In the MG cohort, no correlation was found between any of the three miRNAs and other clinical parameters, such as age, sex, MGFA class, MGC score, or Ab class. Further, no correlation was found between miRNA levels and age or sex in the HC cohort.

To evaluate whether immunosuppressive treatment (30% of our cohort) might have influenced our results, we compared miRNA levels between immunosuppressive MG naïve patients with those with ongoing treatment (two-tailed unpaired t-test assuming unequal variances). There was no statistically significant difference between the two groups regarding all miRNAs (miR-30e-5p p = 0.98, n.s.; miR-150-5p p = 0.27, n.s.; miR-21-5p p = 0.58, n.s.).

Several MG patients had comorbidities (Table 1). We broadly divided patients in four categories: patients without comorbidities; MG-related comorbidities, i.e., thymoma; autoimmune diseases, which included vasculitis (n = 1), atopic and allergic diseases (n = 4), type 1 diabetes mellitus (n = 2), and autoimmune hypothyroidism (n = 1); and other comorbidities, consisting of age-related cardiovascular disorders (n = 8), neoplasia other than thymoma (n = 1), Parkinson’s disease (n = 1). When comparing miRNA values among these four groups (ANOVA), no difference was found between any specific subgroup (data not shown).

ROC curves for miR-30e-5p and miR-150-5p were plotted for both MG and OND patients against HCs (Figure 2). We found an AUC of 0.69 (95% CI 0.58–0.80; p = 0.0013) for miR-30e-5p in MG patients, with a sensitivity of 55.6% (95% CI 37.31–72.41%) and a specificity of 85.7% (95% CI 80.8–89.6%) at best trade-off (Youden’s index 0.4). The value of miR-30e-5p at best trade-off was 6.89. AUC for OND patients was 0.80 (95% CI 0.71–0.89; p < 0.0001). At best trade-off (Youden’s index 0.5), sensitivity was 70% (95% CI 48.1–85.5%) and specificity was 81.6% (95% CI 76.3–86.0%).
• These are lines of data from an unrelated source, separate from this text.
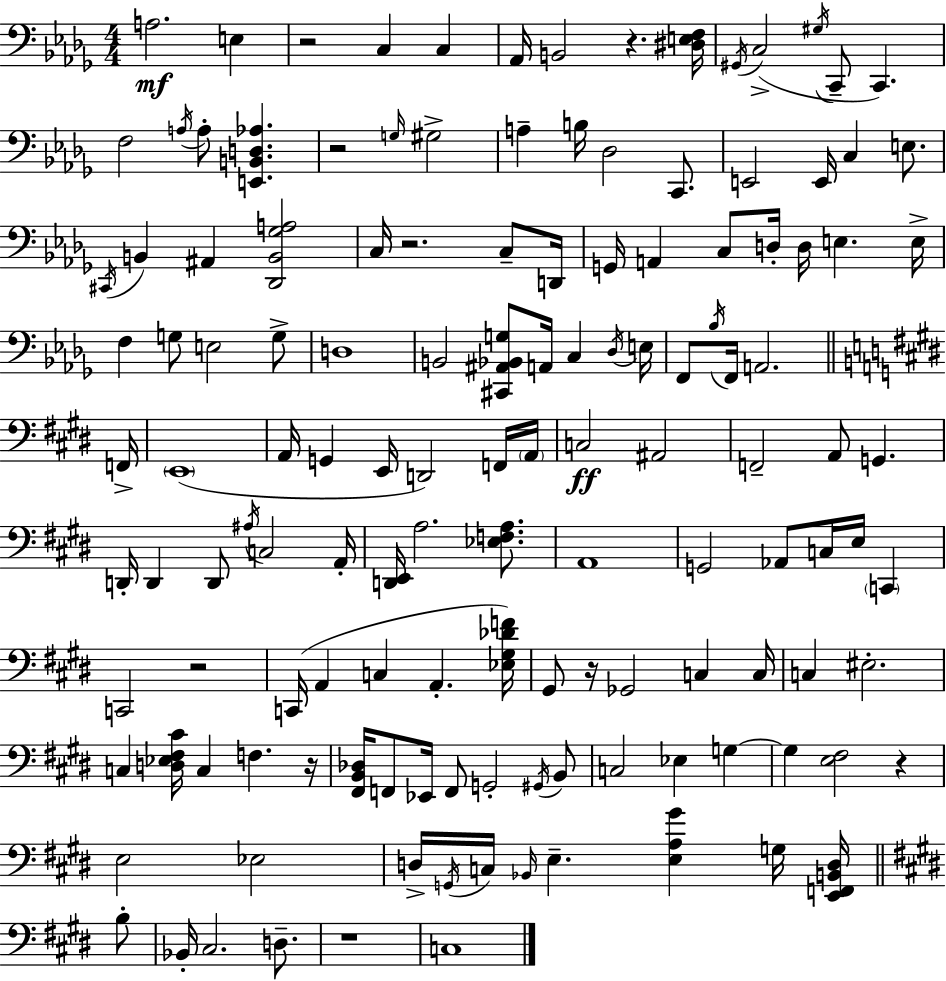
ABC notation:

X:1
T:Untitled
M:4/4
L:1/4
K:Bbm
A,2 E, z2 C, C, _A,,/4 B,,2 z [^D,E,F,]/4 ^G,,/4 C,2 ^G,/4 C,,/2 C,, F,2 A,/4 A,/2 [E,,B,,D,_A,] z2 G,/4 ^G,2 A, B,/4 _D,2 C,,/2 E,,2 E,,/4 C, E,/2 ^C,,/4 B,, ^A,, [_D,,B,,_G,A,]2 C,/4 z2 C,/2 D,,/4 G,,/4 A,, C,/2 D,/4 D,/4 E, E,/4 F, G,/2 E,2 G,/2 D,4 B,,2 [^C,,^A,,_B,,G,]/2 A,,/4 C, _D,/4 E,/4 F,,/2 _B,/4 F,,/4 A,,2 F,,/4 E,,4 A,,/4 G,, E,,/4 D,,2 F,,/4 A,,/4 C,2 ^A,,2 F,,2 A,,/2 G,, D,,/4 D,, D,,/2 ^A,/4 C,2 A,,/4 [D,,E,,]/4 A,2 [_E,F,A,]/2 A,,4 G,,2 _A,,/2 C,/4 E,/4 C,, C,,2 z2 C,,/4 A,, C, A,, [_E,^G,_DF]/4 ^G,,/2 z/4 _G,,2 C, C,/4 C, ^E,2 C, [D,_E,^F,^C]/4 C, F, z/4 [^F,,B,,_D,]/4 F,,/2 _E,,/4 F,,/2 G,,2 ^G,,/4 B,,/2 C,2 _E, G, G, [E,^F,]2 z E,2 _E,2 D,/4 G,,/4 C,/4 _B,,/4 E, [E,A,^G] G,/4 [E,,F,,B,,D,]/4 B,/2 _B,,/4 ^C,2 D,/2 z4 C,4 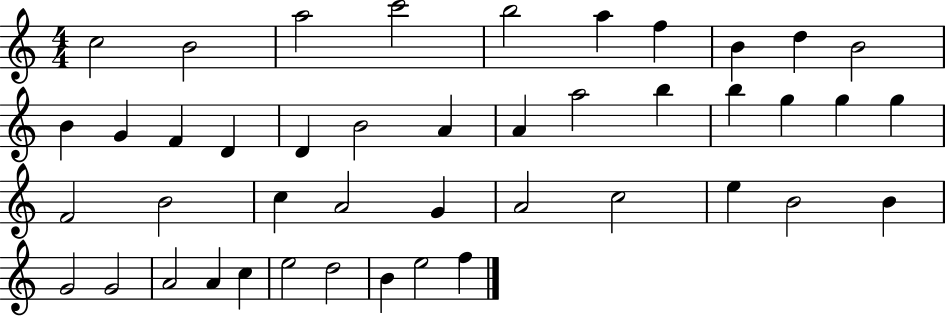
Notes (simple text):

C5/h B4/h A5/h C6/h B5/h A5/q F5/q B4/q D5/q B4/h B4/q G4/q F4/q D4/q D4/q B4/h A4/q A4/q A5/h B5/q B5/q G5/q G5/q G5/q F4/h B4/h C5/q A4/h G4/q A4/h C5/h E5/q B4/h B4/q G4/h G4/h A4/h A4/q C5/q E5/h D5/h B4/q E5/h F5/q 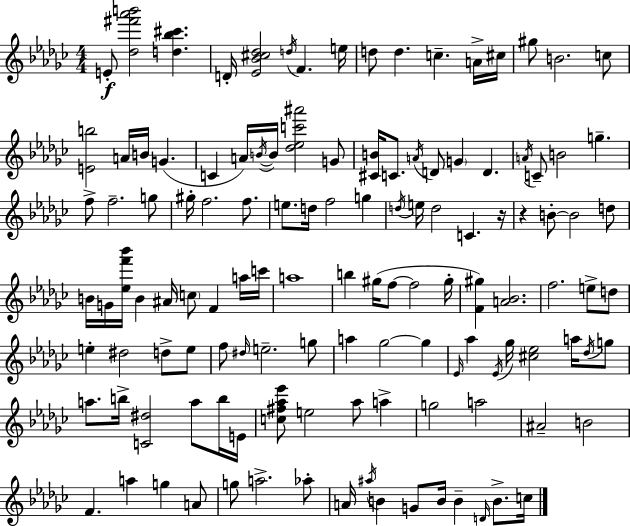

In summary, miR-30e-5p did not perform well as a diagnostic test for MG.

Figure 2

(a) ROC curves for miR-30e-5p of cases against controls. The green curve represents MG patients, while the blue curve shows OND patients. The best trade-off for MG patients is represented by point A while the best trade-off for OND is at point B. Both curves are statistically significant but suboptimal; (b) ROC curves for miR-150-5p, same colors and letters apply for MG and OND patients, in violet curves for EOMG with C representing the point at best trade-off.

ROC curves for miR-150-5p showed an AUC of 0.70 (95% CI 0.61–0.79; p = 0.0008) with sensitivity of 85.2% (95% CI 67.5–94.1%) and specificity of 48.2% (95% CI 42.0–54.4%) at best trade-off for MG patients (Youden’s index 0.3), and an AUC of 0.63 (95% CI 0.52–0.73; p = 0.06, n.s.) with sensitivity of 80.0% (95% CI 58.4–91.9%) and specificity of 52.2% (95% CI 46.0–58.4%) at best trade-off for OND patients (Youden’s index 0.3). We decided to perform the analysis also for the EOMG subgroup, as there was a slightly different distribution, albeit not significant, in this subgroup. We found an AUC of 0.77 for EOMG (95% CI 0.65–0.89; p = 0.004) with sensitivity and specificity of 90% (95% CI 59.6–99.5%) and 58.4% (95% CI 52.11–64.4%), respectively, at best trade-off (Youden’s index 0.5). As such miR-150-5p performs best in EOMG, with high sensitivity but still lacking in specificity. Additionally, miR-150-5p did not perform well as a diagnostic test.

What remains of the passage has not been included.